Gamma has a strong link with an RBF kernel instead of a polynomial one. Gamma increases by around 2.5 percent for every power of 10 increase in gamma. Gamma=10 is the sweet spot when it comes to hitting the target LAWR of 0.500. Gamma’s usefulness depends on the SVM kernel employed here.
At higher values of C, LAWR approaches a value of 0.500 when sweeping for the RBF kernel. For the RBF kernel, regularisation has the reverse effect of regularisation on the polynomial kernel. In this case, LAWR (and ASPA) improve as regularisation diminishes.
For the sake of testing, I’m going to use data from the 2021–22 season to train an SVM with C=0.01 and gamma=0.001 to see how accurate it is at predicting game results.
Testing is comparable to training in that it requires a similar setup.
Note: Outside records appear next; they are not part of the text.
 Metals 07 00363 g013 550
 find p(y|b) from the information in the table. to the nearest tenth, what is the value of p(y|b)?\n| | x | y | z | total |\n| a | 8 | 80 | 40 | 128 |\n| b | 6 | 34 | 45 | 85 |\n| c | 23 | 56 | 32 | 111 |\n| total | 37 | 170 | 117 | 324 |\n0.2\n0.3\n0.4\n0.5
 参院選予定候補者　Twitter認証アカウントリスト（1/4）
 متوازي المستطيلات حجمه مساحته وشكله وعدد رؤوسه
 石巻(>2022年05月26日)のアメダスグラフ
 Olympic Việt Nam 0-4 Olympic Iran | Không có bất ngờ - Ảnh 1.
I built a model based on the first 25 games of the NBA season in 2021–22. Because we’re making predictions for a new season, any predictions should take into account the shifting makeup of the league’s rosters. The ASPA was 0.5842 and the LAWR was 0.499 with the model set up as described above.
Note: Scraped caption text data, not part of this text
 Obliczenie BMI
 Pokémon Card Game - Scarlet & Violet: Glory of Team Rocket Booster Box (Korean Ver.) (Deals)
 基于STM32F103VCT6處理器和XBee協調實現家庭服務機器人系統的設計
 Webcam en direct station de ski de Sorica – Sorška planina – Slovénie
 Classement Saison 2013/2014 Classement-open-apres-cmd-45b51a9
At most, this is a modest model. However, it works well for teams with high or low win-loss records. To put it another way, the model’s predictions are in line with the data it has already gathered. Predicting teams with a win-loss ratio near 1.0 is more difficult. The model must rely less on current game patterns and more on play-by-play data in these situations. The standard deviation of test results for each team might be used to quantify this effect.
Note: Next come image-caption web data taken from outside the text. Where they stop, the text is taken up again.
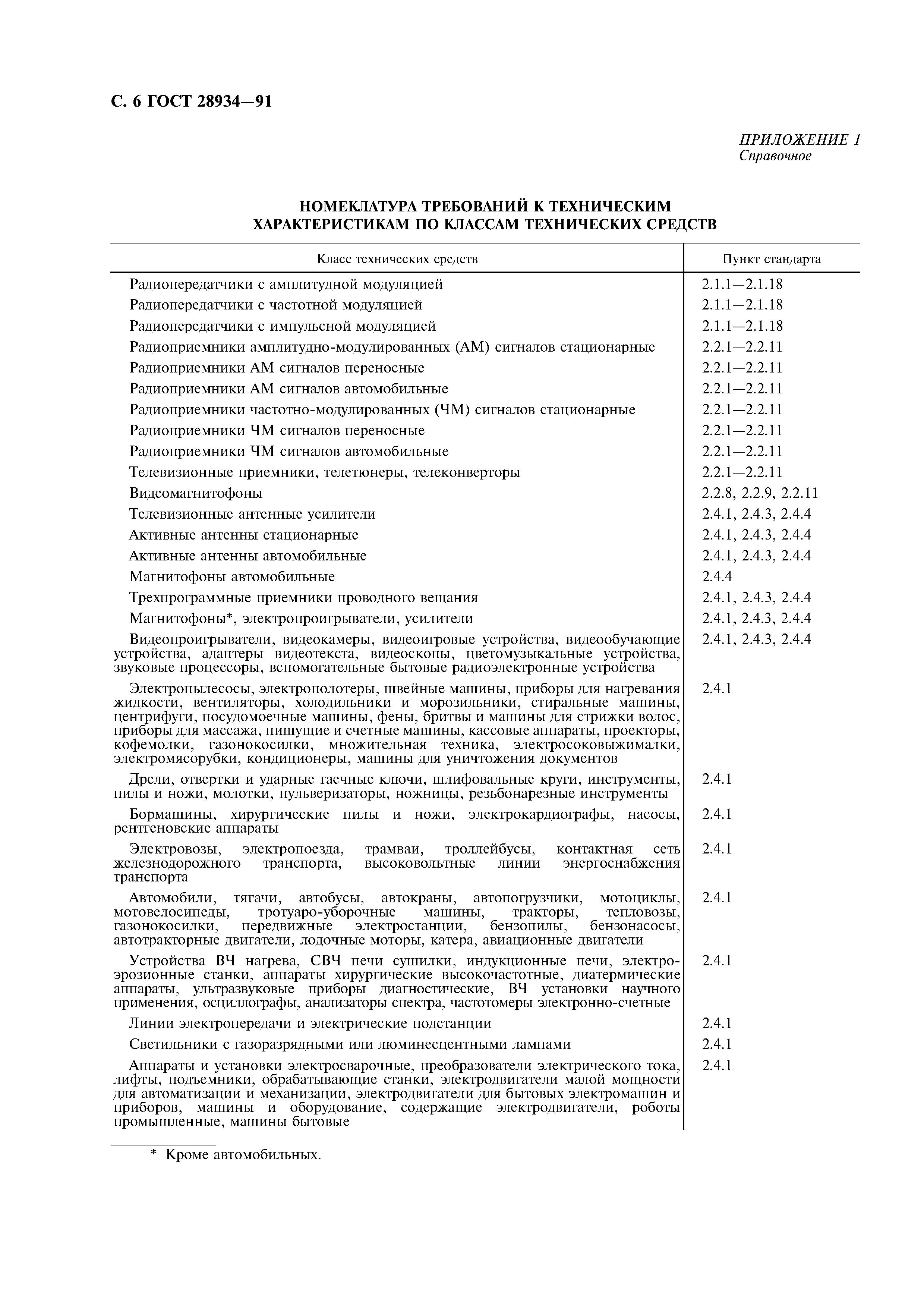 ГОСТ 28934-91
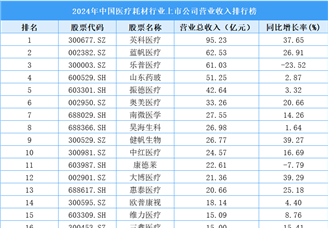 2024年中國醫(yī)療耗材行業(yè)上市公司營業(yè)收入排行榜（附榜單）
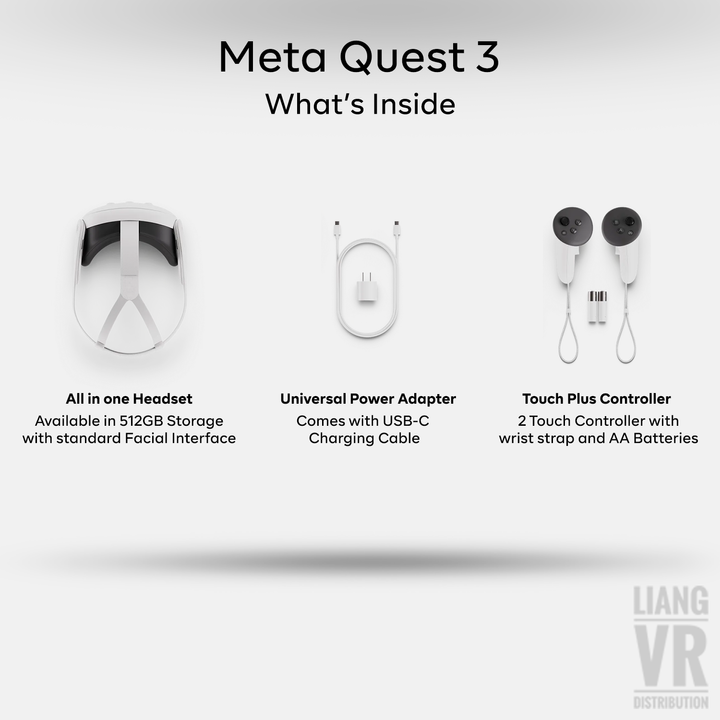 Q3 Whats Inside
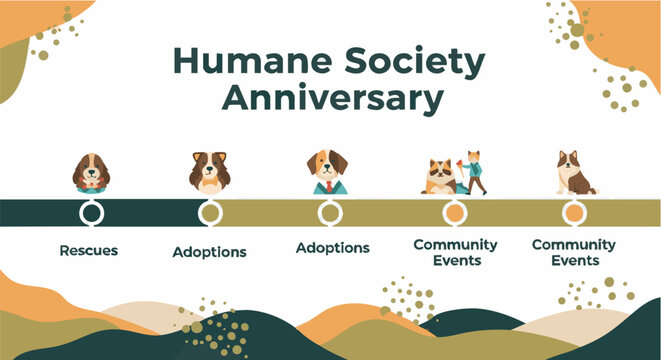 Humane Society Anniversary infographic with cute animal icons in colorful abstract background for non-profit organization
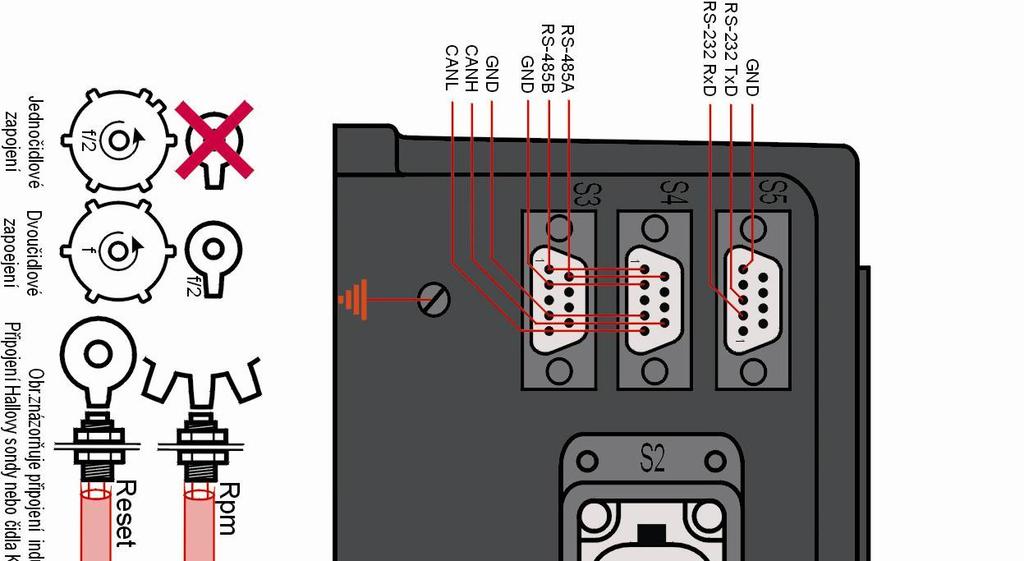 4. Elektrické provedení Pro p ipojení vstup a výstup zapalování slouží dva konektory typu Amphenol S1 (silový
A team can have a prediction of 0 to 25 wins. The standard deviation for C=0.01 and gamma=0.001 is 12.21. Since it’s near to the mean victory value of 12.5, we may assume that there’s a low amount of noise in the data. A standard deviation of 9.65 was achieved with very modest adjustments to the settings. Performance in preemptive prediction is equivocal due to a LAWR of 0.499, but the results are consistent in terms of how accurate they are.
Next Steps and Conclusion
Using only play-by-play data from the first half of an NBA game, a machine learning algorithm can predict the outcome of the game. While the model can forecast the future, it does so with a degree of uncertainty. Re-evaluating data used in model training would seem to be an appropriate next step after this prediction’s outcome. The model may be able to learn more about the game by extracting more features from the play-by-play data.
When looking at this from the player’s point of view, I’d want to offer a whole new paradigm. Models with this feature would be more stable over multiple seasons and take into consideration a player’s contributions to the squad they are currently on. Jayson Tatum, for example, currently has the most missed shots in the league at the time of this writing. Kevin Durant is the league’s leading scorer with the most attempted shots. Because Kevin Durant will continue to score throughout the rest of the game, the significance of Tatum missing a shot is negligible. The shift from 30 other teams to over 500 players and the maintenance of a rich data set would be a challenge here.
This project, despite its lackluster results, is nonetheless interesting to me because of what I’ve learned thus far. In this challenge, there is a great deal of room for experimentation, from feature extraction to hyperparameter tuning. As far as funding research goes, I think this would be an excellent pick-up experiment to delve into further.:)
This Github repository contains all of the source code that was used to create this website.